In ihrem Lebenswerk „Die Frauen von Ravensbrück“ schaffte sie seit dem Jahre 1980 eine der größten deutschen Sammlungen von Videointerviews mit überlebenden Frauen, Männern und Kindern der Frauen-Konzentrationslager. Es wurden Überlebende aus den Konzentrationslagern Moringen, Lichtenburg und Ravensbrück interviewt und ihnen somit die Möglichkeit gegeben ihre eigene individuelle Geschichte zu erzählen.

Die Sammlung umfasst mehr als 200 Interviews mit Überlebenden aus West- und Osteuropa. Es ist zudem wichtig, dass diese Interviews entstehen und aufbewahrt werden, da sie Geschichte in gewissermaßen lebendig machen.
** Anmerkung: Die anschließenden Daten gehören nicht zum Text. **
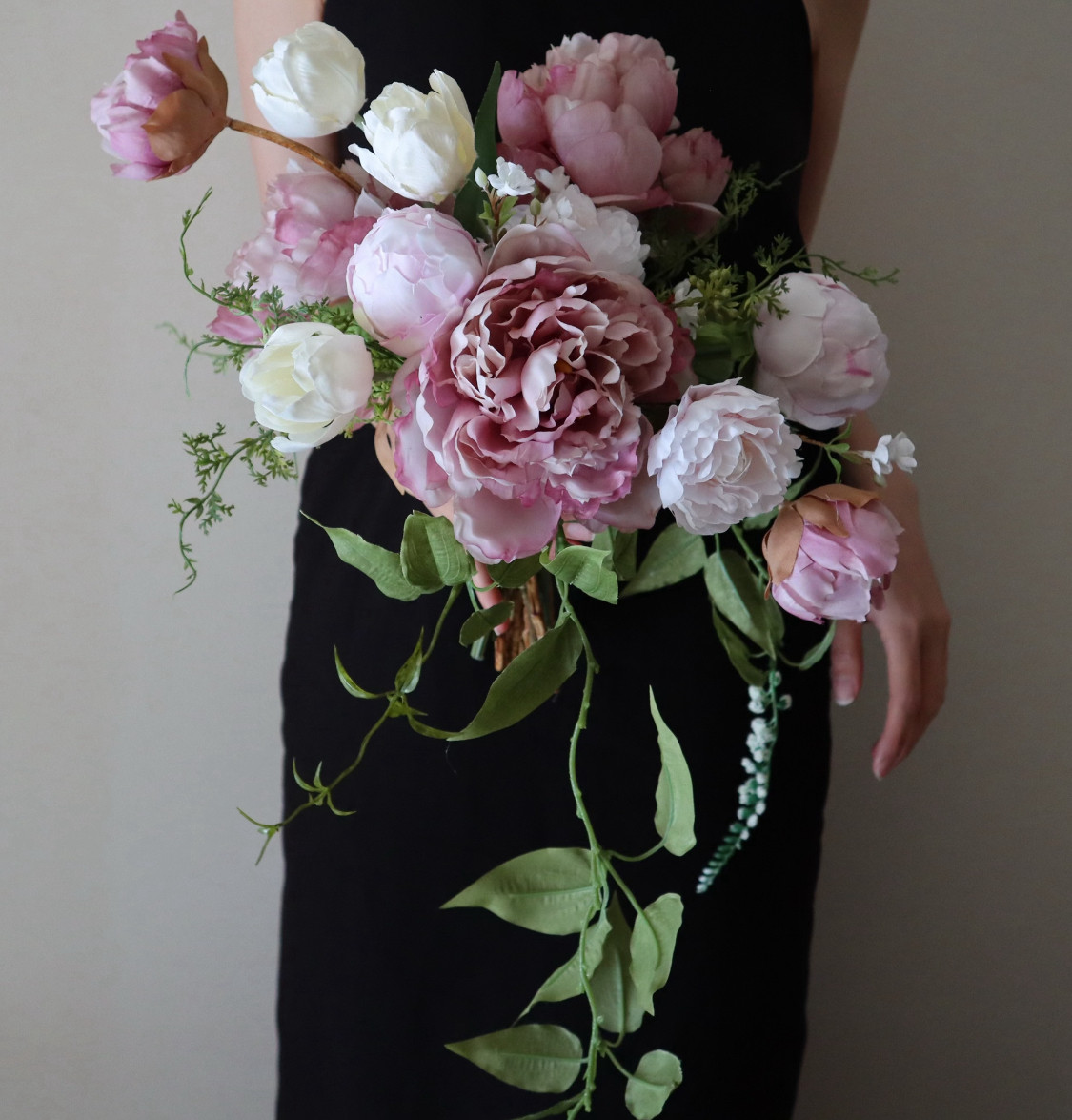ピオニーがたぷんとかわいいクラシックピンクの大人ブーケ♡ アーティフィシャルフラワー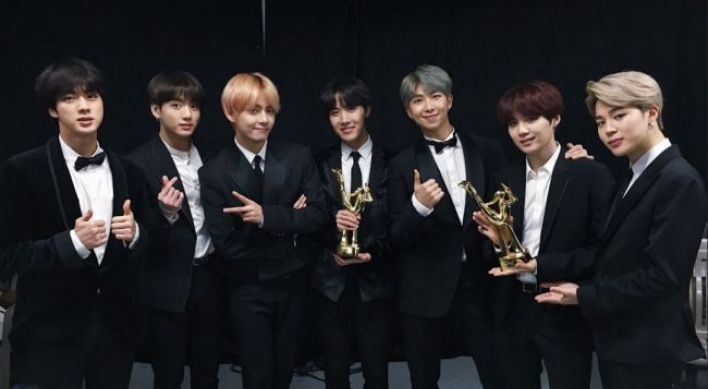 BTS shares the honor of awards with Army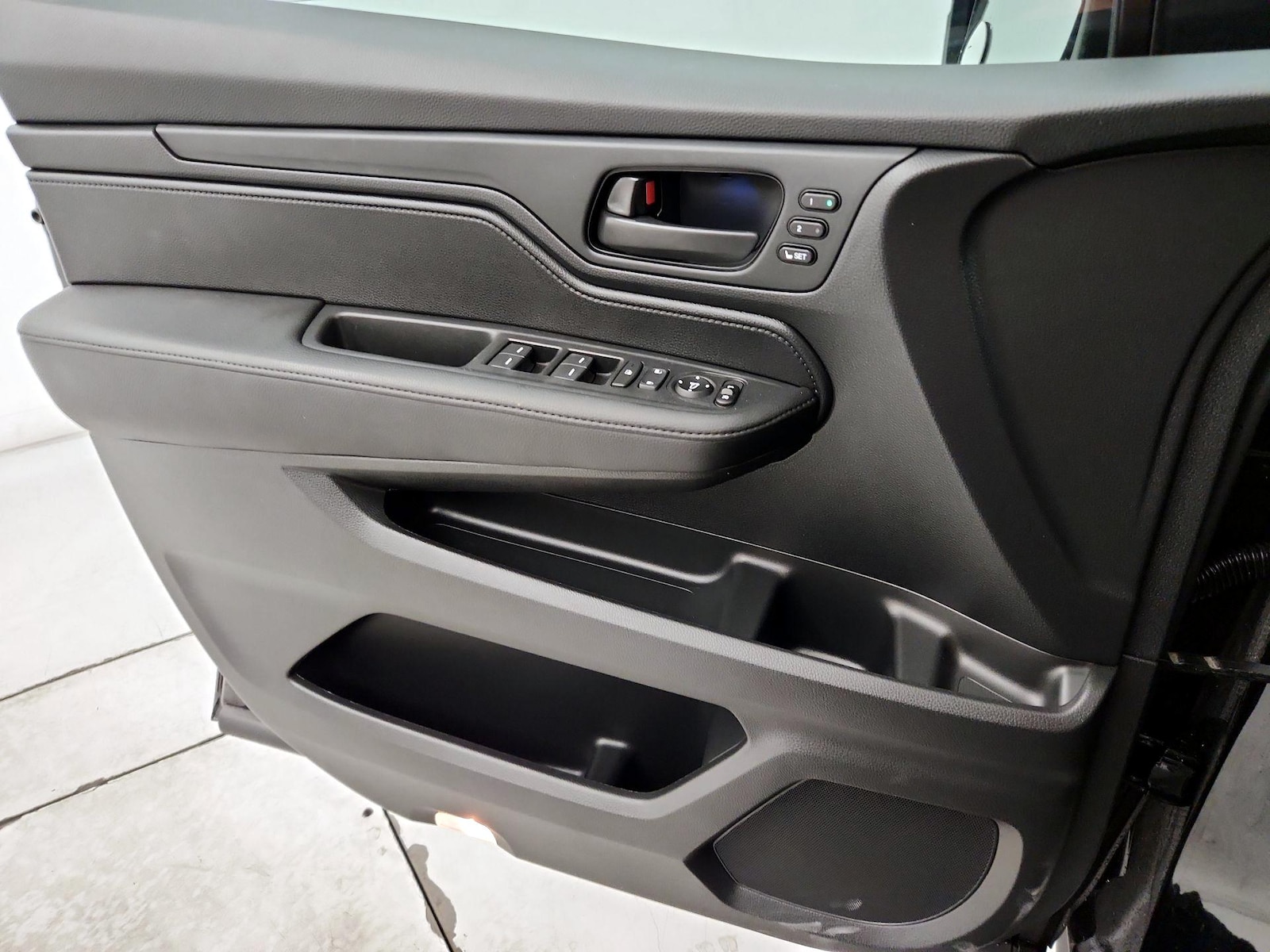 2025 Honda Odyssey EX-L - Photo 11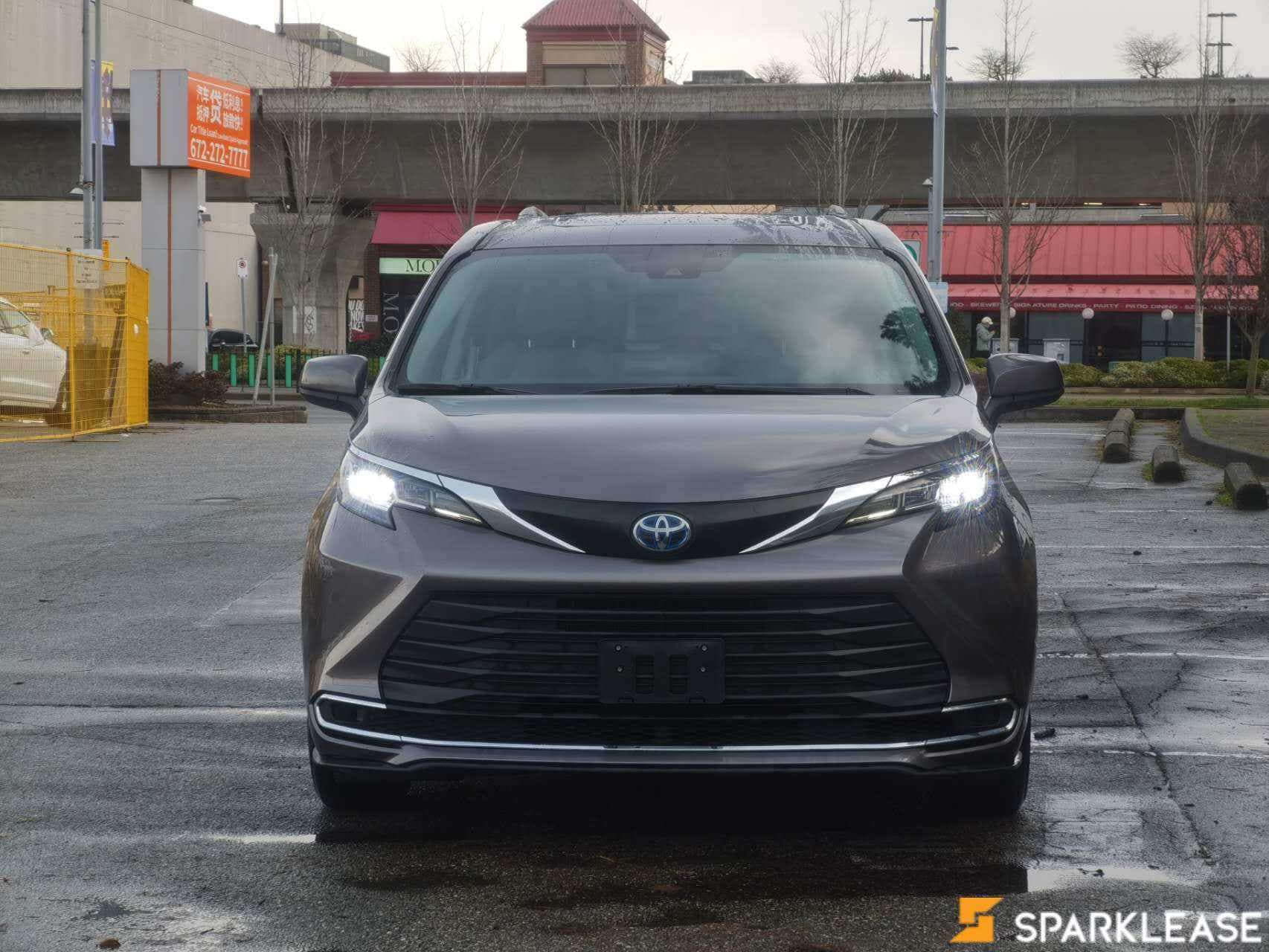 2022 Toyota Sienna LE 8-Passenger FWD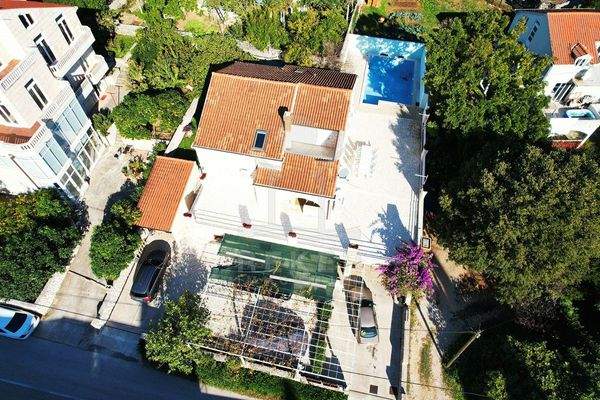 Villa in verkehrsgünstiger Lage nahe Dubrovnik
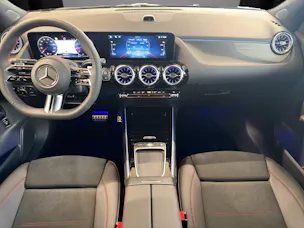 Mercedes-Benz GLA 220 4Matic 8G-DCT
Sie geben nicht nur Auskunft über Sachverhalte, über Fakten. Sondern sie bieten uns Einblicke in die persönlichen Auswirkungen der NS-Zeit. Über Alltagserfahrungen, dem Miteinander, kreativen Überlebensstrategien. So eine ältere Dame davon, wie für ein krankes Mädchen heimlich Essen gesammelt wurde, um dieses am Leben zu halten.

Diese Interviews bieten den folgenden Generationen viele Erfahrungen und Einblicke in das tatsächliche Leben, welche in Geschichtsbüchern nur bedingt geschildert werden. Zeitzeugeninterviews sind persönlich, man erfährt Genaueres aus einer bestimmten Perspektive, aus der Perspektive der Menschen, die die Geschichte am eigenen Leib erfahren haben. Das, was über Begegnungen oder durch das Hören und Sehen von Überlebenden über ihre Erlebnisse und ihr Leben, erfahren wird, kann nicht durch reine Lehrfilme oder Bücher ersetzt werden. Persönliche Geschichten, die mit so vielen Emotionen verknüpft sind, bleiben doch eher im eigenen Gedächtnis, objektive Worte.

Eigene Verantwortung zu übernehmen für Werte wie Demokratie, Frieden und Freiheit, hat somit dann doch eine ganz andere Bedeutung, wenn sie mit solchen Biografien ausgesprochen werden. Somit lässt sich schlussfolgern, dass Zeitzeugen-Interviews heute und auch für unsere Zukunft unersetzbar wertvoll sind, da sie uns auf emotionale Weise darstellen, dass wir uns unserem Frieden nicht allzu sicher sein sollten und alles daran setzten sollten, dass wir Freiheit, Frieden und Demokratie, pflegen und schützen müssen.